È più facile intuire come i nostri principi ci possono aiutare nella fatica di Sisifo che comporta la costruzione di una società civile e di una democrazia migliore in ogni paese: come abbiamo visto, è la politica interna il luogo d'elezione delle nostre grandi tradizioni ideologiche, il terreno sul quale esse si trovano a loro agio, in cui le categorie di destra e sinistra mordono ancora la realtà.
È una fatica di Sisifo, perché il masso appena spinto sulla cima del colle, rischia di cadere. Fuor di metafora, perché la concorrenza, l'assunzione di doveri insieme alla pretesa di diritti, l'eliminazione di rendite grandi e piccole - insomma, una impostazione liberale dei problemi di giustizia sociale - hanno costi individuali rilevanti, comportano il sacrificio di interessi di breve periodo alla luce di incerti vantaggi di lungo, richiedono una forte tensione civile. Basta che la tensione si allenti e il masso precipita, le rendite tornano a formarsi, i doveri si dimenticano, la concorrenza si inceppa, le situazioni di reale sofferenza e disagio, oggi minoritarie nei nostri paesi, sono spazzate sotto il tappeto dell'attenzione politica.
Qui il problema non consiste nella difficoltà di derivare dai principi di una democrazia liberale soluzioni soddisfacenti: dalla carta dei principi è anzi ingannevolmente facile derivarle. Il problema consiste nel dar loro gambe politiche, nel trovare consenso, nel creare una maggioranza che le sostenga.
La formazione di questo consenso maggioritario è una difficile operazione politica, da ultimo (anzi in primis) una operazione di egemonia culturale.

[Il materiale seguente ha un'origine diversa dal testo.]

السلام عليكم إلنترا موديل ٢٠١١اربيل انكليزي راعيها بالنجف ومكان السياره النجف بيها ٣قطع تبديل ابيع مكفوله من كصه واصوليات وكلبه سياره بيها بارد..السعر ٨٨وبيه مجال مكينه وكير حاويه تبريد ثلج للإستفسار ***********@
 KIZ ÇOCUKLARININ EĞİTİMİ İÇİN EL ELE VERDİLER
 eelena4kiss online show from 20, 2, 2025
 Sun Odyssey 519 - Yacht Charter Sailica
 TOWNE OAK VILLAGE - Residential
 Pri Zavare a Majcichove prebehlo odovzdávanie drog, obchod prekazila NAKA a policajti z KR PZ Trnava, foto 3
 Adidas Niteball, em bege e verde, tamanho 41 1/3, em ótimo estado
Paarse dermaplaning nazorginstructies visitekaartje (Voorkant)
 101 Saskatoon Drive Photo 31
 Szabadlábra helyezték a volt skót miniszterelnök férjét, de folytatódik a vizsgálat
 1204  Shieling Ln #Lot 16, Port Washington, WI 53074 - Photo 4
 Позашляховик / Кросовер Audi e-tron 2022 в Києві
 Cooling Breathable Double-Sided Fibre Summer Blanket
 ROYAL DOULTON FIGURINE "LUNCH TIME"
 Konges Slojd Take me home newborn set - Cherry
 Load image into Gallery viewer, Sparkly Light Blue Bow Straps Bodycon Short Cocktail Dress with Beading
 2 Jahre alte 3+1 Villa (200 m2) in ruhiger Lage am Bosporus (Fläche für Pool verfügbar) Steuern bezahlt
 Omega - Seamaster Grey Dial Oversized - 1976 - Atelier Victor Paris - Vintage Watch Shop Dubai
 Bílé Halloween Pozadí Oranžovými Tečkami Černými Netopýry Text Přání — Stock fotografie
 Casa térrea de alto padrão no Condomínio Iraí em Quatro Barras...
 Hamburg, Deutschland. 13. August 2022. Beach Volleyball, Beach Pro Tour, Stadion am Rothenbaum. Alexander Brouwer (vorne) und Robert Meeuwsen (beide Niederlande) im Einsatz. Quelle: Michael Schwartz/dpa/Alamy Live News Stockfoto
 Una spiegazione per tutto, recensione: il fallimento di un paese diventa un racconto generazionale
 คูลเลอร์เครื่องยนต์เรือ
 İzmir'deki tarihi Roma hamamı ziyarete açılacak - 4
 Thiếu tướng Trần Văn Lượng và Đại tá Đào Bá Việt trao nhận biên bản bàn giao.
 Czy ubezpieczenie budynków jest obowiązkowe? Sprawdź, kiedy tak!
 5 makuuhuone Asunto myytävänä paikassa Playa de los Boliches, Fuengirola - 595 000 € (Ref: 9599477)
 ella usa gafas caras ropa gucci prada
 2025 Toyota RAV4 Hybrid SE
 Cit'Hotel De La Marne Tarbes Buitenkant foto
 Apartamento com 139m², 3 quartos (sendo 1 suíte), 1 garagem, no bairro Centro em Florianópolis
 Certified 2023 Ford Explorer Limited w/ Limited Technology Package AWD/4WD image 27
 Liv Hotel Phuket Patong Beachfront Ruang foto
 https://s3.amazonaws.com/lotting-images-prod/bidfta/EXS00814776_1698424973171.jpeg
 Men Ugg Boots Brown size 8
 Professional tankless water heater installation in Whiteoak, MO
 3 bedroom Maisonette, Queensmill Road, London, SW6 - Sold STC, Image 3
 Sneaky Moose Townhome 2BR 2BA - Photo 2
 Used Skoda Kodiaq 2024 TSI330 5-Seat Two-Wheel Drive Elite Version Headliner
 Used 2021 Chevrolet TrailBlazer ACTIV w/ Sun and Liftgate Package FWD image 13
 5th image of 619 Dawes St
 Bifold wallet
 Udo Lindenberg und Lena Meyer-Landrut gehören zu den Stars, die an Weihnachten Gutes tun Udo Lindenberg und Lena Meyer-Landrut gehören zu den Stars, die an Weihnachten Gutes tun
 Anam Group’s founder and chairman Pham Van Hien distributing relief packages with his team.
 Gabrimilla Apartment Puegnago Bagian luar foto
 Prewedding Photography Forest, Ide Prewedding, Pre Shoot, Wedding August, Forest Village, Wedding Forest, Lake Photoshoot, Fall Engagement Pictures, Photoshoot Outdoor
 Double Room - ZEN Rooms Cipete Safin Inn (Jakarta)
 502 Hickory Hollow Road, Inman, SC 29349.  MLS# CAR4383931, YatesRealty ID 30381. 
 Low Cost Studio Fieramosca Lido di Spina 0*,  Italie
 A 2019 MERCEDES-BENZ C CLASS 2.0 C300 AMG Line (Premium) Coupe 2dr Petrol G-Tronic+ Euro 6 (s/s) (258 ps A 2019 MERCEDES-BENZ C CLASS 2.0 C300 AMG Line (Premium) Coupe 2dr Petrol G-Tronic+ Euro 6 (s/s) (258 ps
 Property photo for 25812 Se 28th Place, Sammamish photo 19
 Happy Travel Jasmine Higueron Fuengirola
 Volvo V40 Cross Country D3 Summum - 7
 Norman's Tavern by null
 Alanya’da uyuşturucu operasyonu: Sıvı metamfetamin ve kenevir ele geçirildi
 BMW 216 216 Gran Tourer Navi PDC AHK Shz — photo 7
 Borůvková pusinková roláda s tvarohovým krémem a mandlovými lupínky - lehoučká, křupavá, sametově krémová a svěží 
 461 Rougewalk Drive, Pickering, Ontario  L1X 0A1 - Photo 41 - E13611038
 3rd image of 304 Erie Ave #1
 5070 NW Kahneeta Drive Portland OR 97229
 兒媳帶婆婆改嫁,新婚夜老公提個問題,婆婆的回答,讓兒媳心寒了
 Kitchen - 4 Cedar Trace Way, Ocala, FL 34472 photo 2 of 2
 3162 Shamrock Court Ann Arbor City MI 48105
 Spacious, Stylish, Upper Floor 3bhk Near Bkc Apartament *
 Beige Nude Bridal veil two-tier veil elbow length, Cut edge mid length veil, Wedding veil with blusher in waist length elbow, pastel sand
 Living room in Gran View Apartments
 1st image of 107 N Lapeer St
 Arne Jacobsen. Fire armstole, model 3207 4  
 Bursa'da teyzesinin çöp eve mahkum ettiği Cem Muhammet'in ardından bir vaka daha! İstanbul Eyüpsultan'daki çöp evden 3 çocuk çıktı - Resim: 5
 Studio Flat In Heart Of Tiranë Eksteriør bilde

Una simile operazione ha avuto successo - su grande scala - dopo la seconda guerra mondiale, con la creazione di un capitalismo di piena occupazione e del welfare state: è a questa che guardano con rimpianto i nostri riformisti radicali, senza avvedersi che le condizioni storiche di quel successo si sono da tempo esaurite.
In piccolo e su scala nazionale, un'analoga operazione di egemonia culturale e politica è stata quella del New Labour di Tony Blair, e sia questa l'occasione per esprimere il nostro riconoscimento a un gigante che sta uscendo dalla storia del suo paese. Un gigante che ha commesso errori giganteschi, ma non ha confronto con i nani del riformismo europeo.
Nel nostro paese, il Partito democratico o è questa operazione politica o è peggio di nulla, e il tempo che passiamo a discuterne è tempo perso.
A chi interessa una esitante e sospettosa fusione (anzi, una "federazione", come si torna a sragionare) tra i Ds e i Dl?
L'Ulivo è gia vecchio e lo stesso Partito democratico sta invecchiando: è sul tappeto da tempi politicamente troppo lunghi.
Il momento di una sua formazione entusiastica, accompagnata da un forte consenso nel popolo della sinistra, sta passando.
O i leader politici dei partiti esistenti trovano il coraggio di sollecitare e guidare un reale movimento - e correre qualche (piccolo) rischio - o è meglio che abbandonino la partita.
Il nostro paese marcisce perché rifiuta il rinnovamento, perché i vecchi si abbarbicano alle loro posizioni di rendita, in tutti i campi.
Noi riformisti predichiamo il rinnovamento. Che esempio diamo se rifiutiamo di praticarlo in casa nostra?